Back in December, some planning tech enthusiasts got together to sketch out some common planning processes, and ways that technology might improve those processes. One of the goals of the evening was to translate the sketched diagrams into useful data for future use, ideally in online diagrammed forms.
My group focused on land use data, this is a belated summary of our enjoyable and productive discussion. As the photos of the diagrams show, they weren’t particularly linear, flow-chart like or mind mappable, so rather than try to squeeze them into these formats I’ve written some detailed notes below, also available on Google Docs.
Next steps? Definitely need to define the problems of the petri dish model more clearly - and like transit data, there’s a big opportunity for a positive message around greater sharing of use data. OSM shows the way, how far away can a comprehensive, crowd sourced land use layer be?

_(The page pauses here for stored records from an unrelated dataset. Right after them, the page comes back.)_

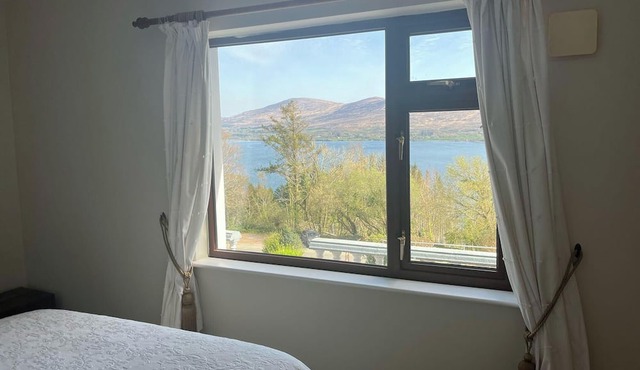 6 Ensuite Bedrooms-sleeps 12-garden-sea & Mtn View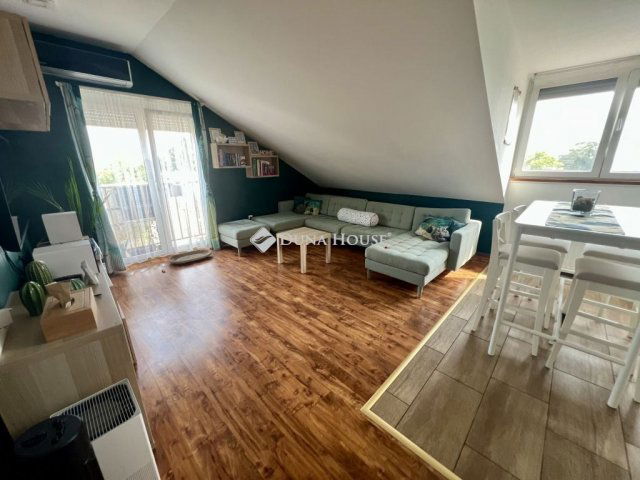 Eladó téglalakás, Pécsett, Komlói úton 39.9 M Ft, 3 szobás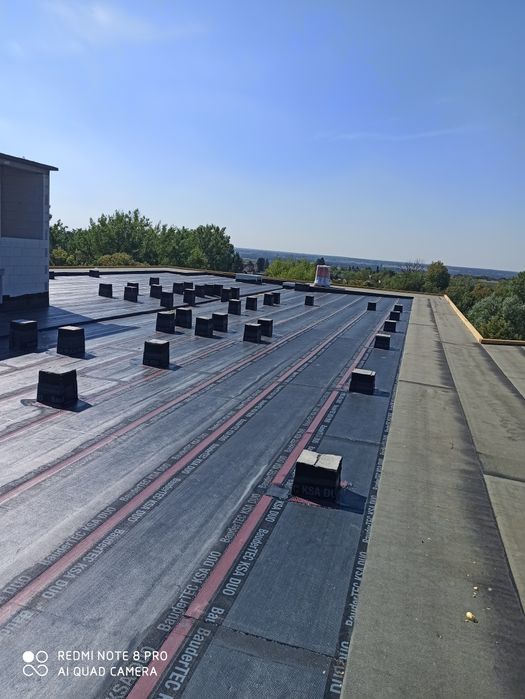 Dachy płaskie, tarasy, balkony, termoizolacja, hydroizolacja.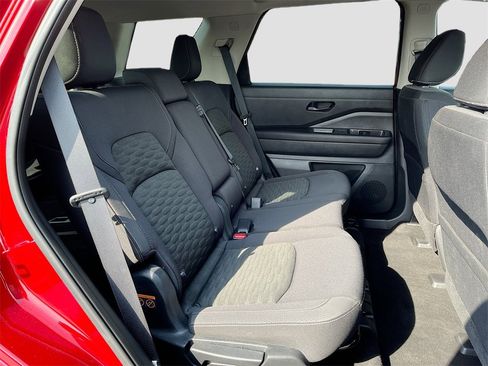 Used 2023 Nissan Pathfinder SV image 21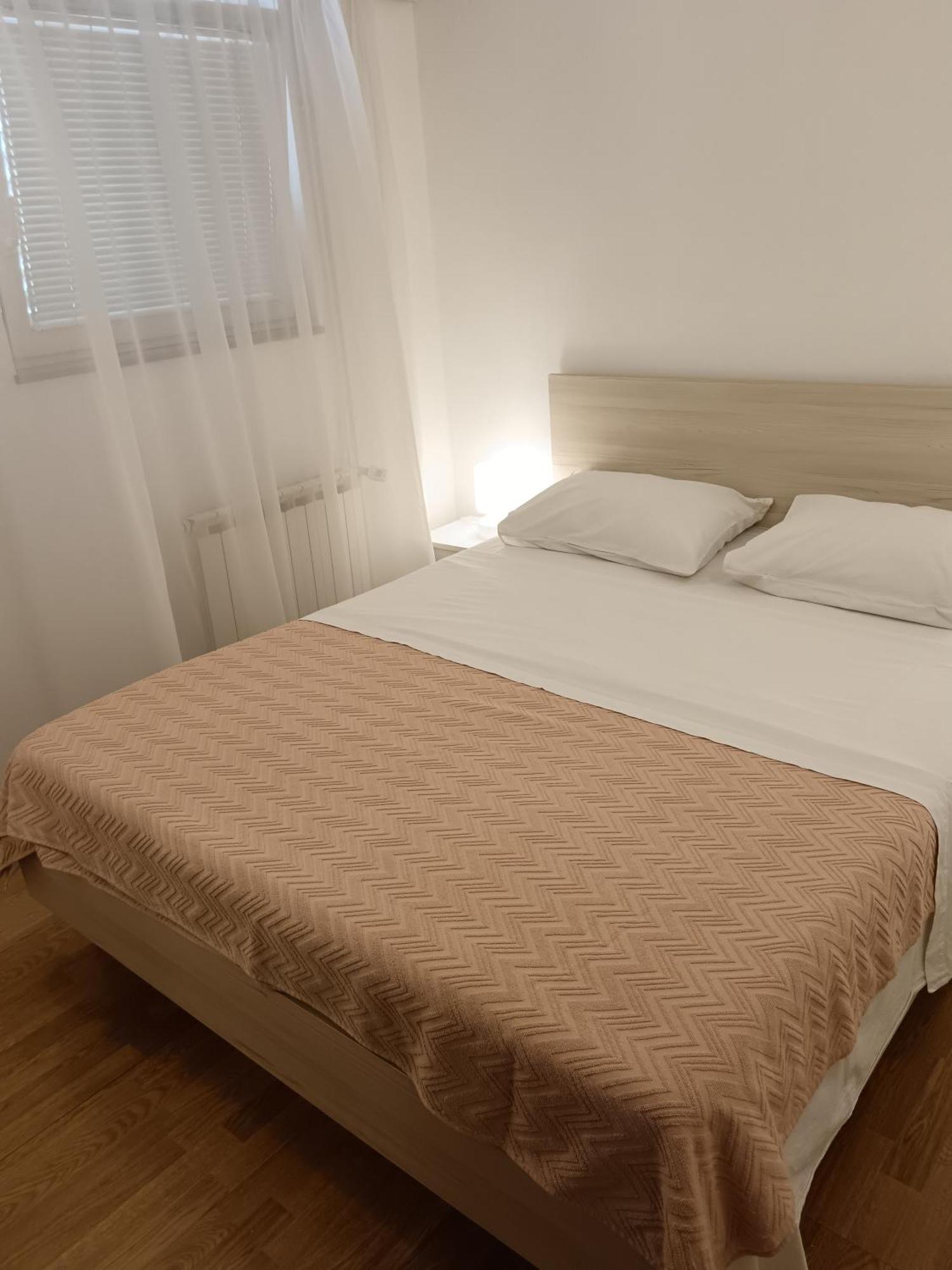 Apartments Tomas Betina  Ngoại thất bức ảnh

The petri-dish model of land use data (a.k.a. the problem)

What is land use data?
- description of uses on the ground, what specifically happens on this piece of land
Data is out there…
- small fragments of data
- lots of gaps
- proprietary information that most people can’t access
- each user only sees a small part of the overall picture
People need data to
- make accurate assessments of the situation for better planning
- base goals in reality (e.g. models of carbon emissions, vmt)
- plan for suitable development
- explain the big picture
- informal uses
But the map data have lots of problems
- neighborhood maps
- names all wrong
- data availability
- can’t get it
- up to date?
- no, often out of data
- created for a specific need
- not re-shared for other uses
- leads to repeat work
- data quality
- not useful for what other people want to do
- no incentive to share
- why should anyone share data, no benefits
- licenses
- even if you get data, can’t work with it
- can’t share with others
- problems with creating derivative products
The ecosystem model of land use data (a.k.a. the solution)
Rather than depending on the closed systems and limited access of the petri dish model, the land use ecosystem thrives on easy exchanges of information.
Land use data moves easily between different participants - local governments, planners, private sector, non-profits, individuals. Money is saved by removing the barriers to access, and the open sourcing of data collection reduces the burden of updating data on any individual organization.
Data are unencumbered by restrictive licenses, and exchange is governed by open protocols: standard for the data formats themselves, but more importantly for the types of information shared and how updates are passed and incorporated. Individual parcels can be updated in a wiki-esque, flickr-esque format, where changes can be added and are inspected and endorsed by other participants in the ecosystem.
Where once was discord and bad data, the ecosystem brings sharing and better data. Rather than each data user seeing a small piece of the overall data puzzle, the ecosystem model requires and lives on openness and collaboration.
p.s.
A great high wall there, it tried to stop me
A great big sign there, said ‘private property’
But on the other side, it didn’t say nothing
That side was made for you and me.
– Woody Guthrie, This Land Is Your Land.